Wednesday, March 21, 2012

Dear Esther

Dear Esther is a first person interactive narrative in which the player travels across an abandoned island as the story is delivered by the narrator. What is interesting is that the interactive aspects of Dear Esther are very much secondary to the narrative and aesthetics of the work. The player is given the illusion of freedom in that they can move where they want but in reality the path is entirely linear. Although the time it takes you to reach each plot point effects the pace at which the story unfolds, the player has no influence in the direction of the experience. Basically, it is like a short story in which each paragraph is delivered by venturing further through the island. It's also very metaphorical with meaning being left to the player's interpretation.

Also, opening gameplay

To me, the experience was one which I am glad to have taken but it was not without issues. I found the pacing to be poor in areas as the gameplay (simply walking at a sometimes monotonous pace) distracted from an otherwise interesting narrative. By the time I spent a few minutes walking over a hill to reach the next section of the story I had already forgotten the previous part and so found the plot difficult to follow because of its fractured nature. In all honesty, I can't say I enjoyed playing it that much it until towards the end - like one of those films you don't really have fun watching but when you think back on it, realise it was actually quite amazing. I'm starting to think about Dear Esther less as something to play or enjoy but more as an experience as well as a statement in the potential powers of interactive narrative.

As I've been searching for readings I came across Mike Jones' blog and by perfect chance, he wrote about Dear Esther just a couple of weeks ago. It is worth quoting him at length because he articulates concepts that are not only relevant to the game itself but ideas which in my view, are highly prolific in the study of interactivity as a whole:
"Cinema has been described as the only art where more comes out than goes in; that there is a tangible difference between the intention and the affect- the affect of a moving image is more than the sum of its parts.
In Dear Esther the story and its mise-en-scene components of space, light, form, sound and voice do not add up to the experience one has while playing; play is something more.
It is not interactivity for the world does not respond, it is exploration.  If Dear Esther were played back as a film, a 90 minute single take film, from a single point of view it would be banal, tedious, tiresome. Yet when I as a player, am simulated into the geography of the island as a simulation of self, something is added, something which elevates Dear Esther from the sum of its parts. Is it a game? Am I playing it? Are there rules? How do I win?

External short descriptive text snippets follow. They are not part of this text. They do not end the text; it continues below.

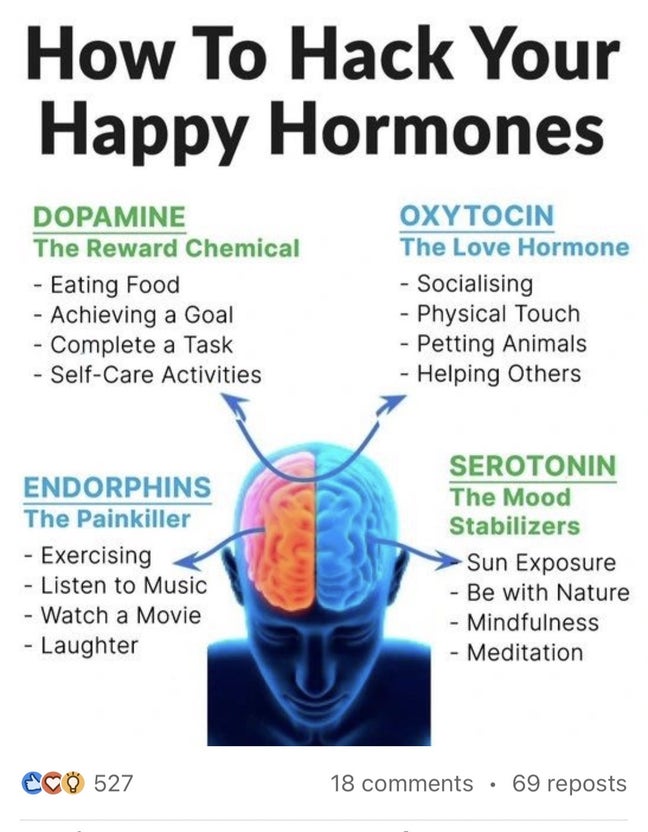 Stylish Dbl Room in a Flat with 1 More Female  Main Photo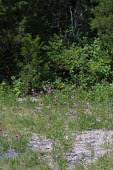 Tennessee purple coneflowers in habitat Grassland,Mature form,Species in habitat shot,Habitat,Echinacea,Tracheophyta,Rock,Magnoliopsida,Endangered,Terrestrial,Photosynthetic,North America,Asteraceae,Asterales,Plantae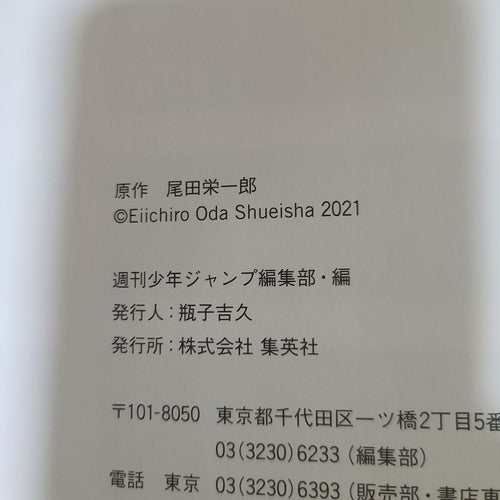 One Piece Devilish Nami 2 +Artbook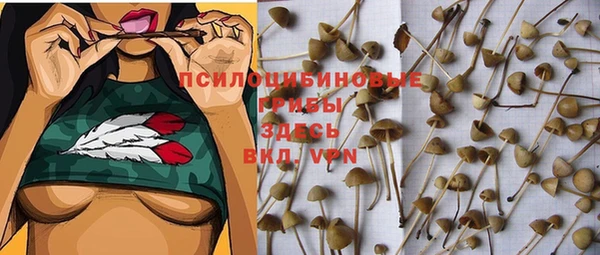СК Абинск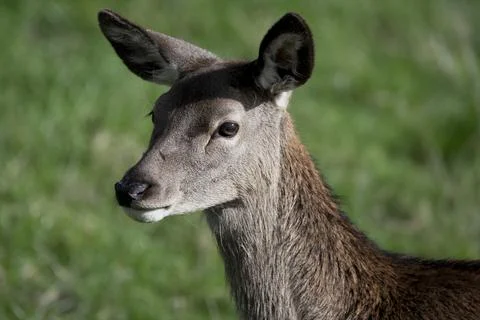 The Red Deer (Cervus elaphus). Stock Photos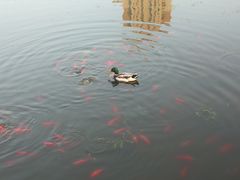 -前关湿地公园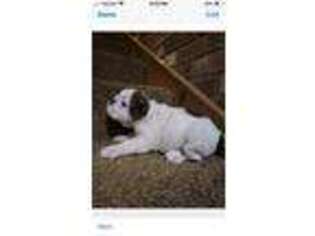 Bulldog Puppy for sale in Gray, KY, USA
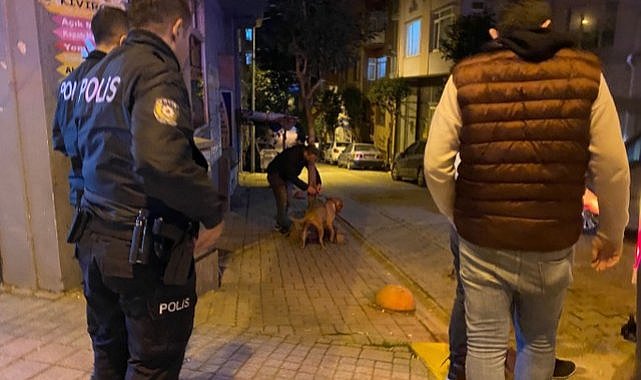 Sahibinin elinden kurtulan pitbull dehşet saçtı!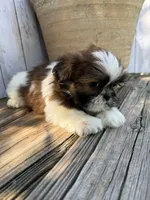 Tiny BamBam, a male Shih Tzu for sale in Goddard, KS – 4 of 8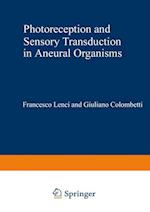 Photoreception and Sensory Transduction in Aneural Organisms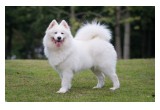 Teresa Heaver, Kabeara Samoyeds, Kabeara Kennels, Teresa Heaver Lockport, Illinois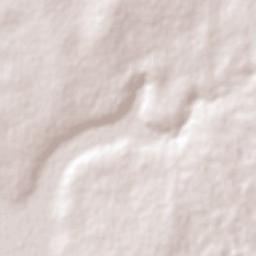 Macia Terrain Map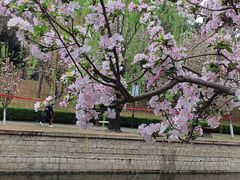 -元大都城垣遗址公园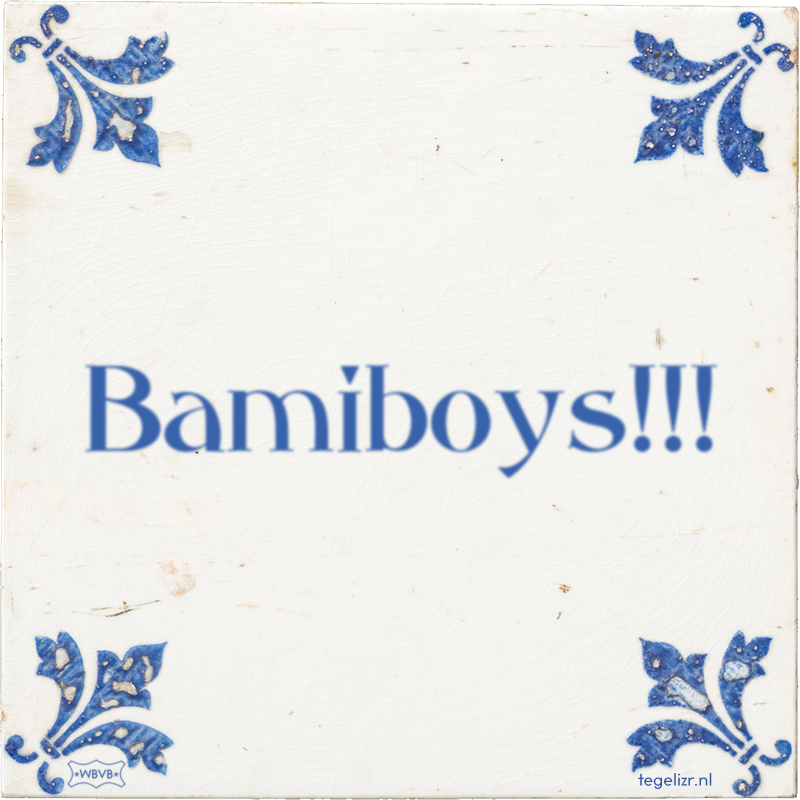 Bamiboys!!! - Online tegeltjes bakken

These are irrelevant questions, it is an experience and the feeling state of that experience is one distinct and apart from that which might be presented in book or film - stories connected to space and I only hear those parts of the story when I stand in that space, move through that space and methodically take the time to get to that space."
The beginning of 'Dear Esther'
The notion that the simplest of interactions can draw the audience so much deeper into a piece of media really fascinates me. Whether it is walking from point to point or even something as mundane as holding down a single key, this interaction instantly transforms media into something more.

Jones concludes by saying:
"Dear Esther is a story that is not adhering itself to game mechanics but rather one exploiting perfectly what game mechanics do best: the exploration of space and the architecture of awareness."
It is this idea that interactivity lends itself to further an 'exploration of space' which really resonates with what I want to do - using this interactivity to achieve a greater, or even just a different, means of exploring space than what can be attained by observational media alone.

*Interestingly Dear Esther has received critical acclaim as well as commercial success being sold as an online download for $10US. I'm actually surprised something like this was successful. For all the praise however there equally seems to be a lot of distaste towards it, the main issue seeming to be the expectation of Dear Esther being a 'game' as opposed to an interactive story.

** I'd also like to mention that I think Mike Jones is awesome, both for his ideas themselves but also for the fact that his work is easily accessible. Huge kudos for being an academic whose thoughts can be accessed for free (and commented on) by anyone.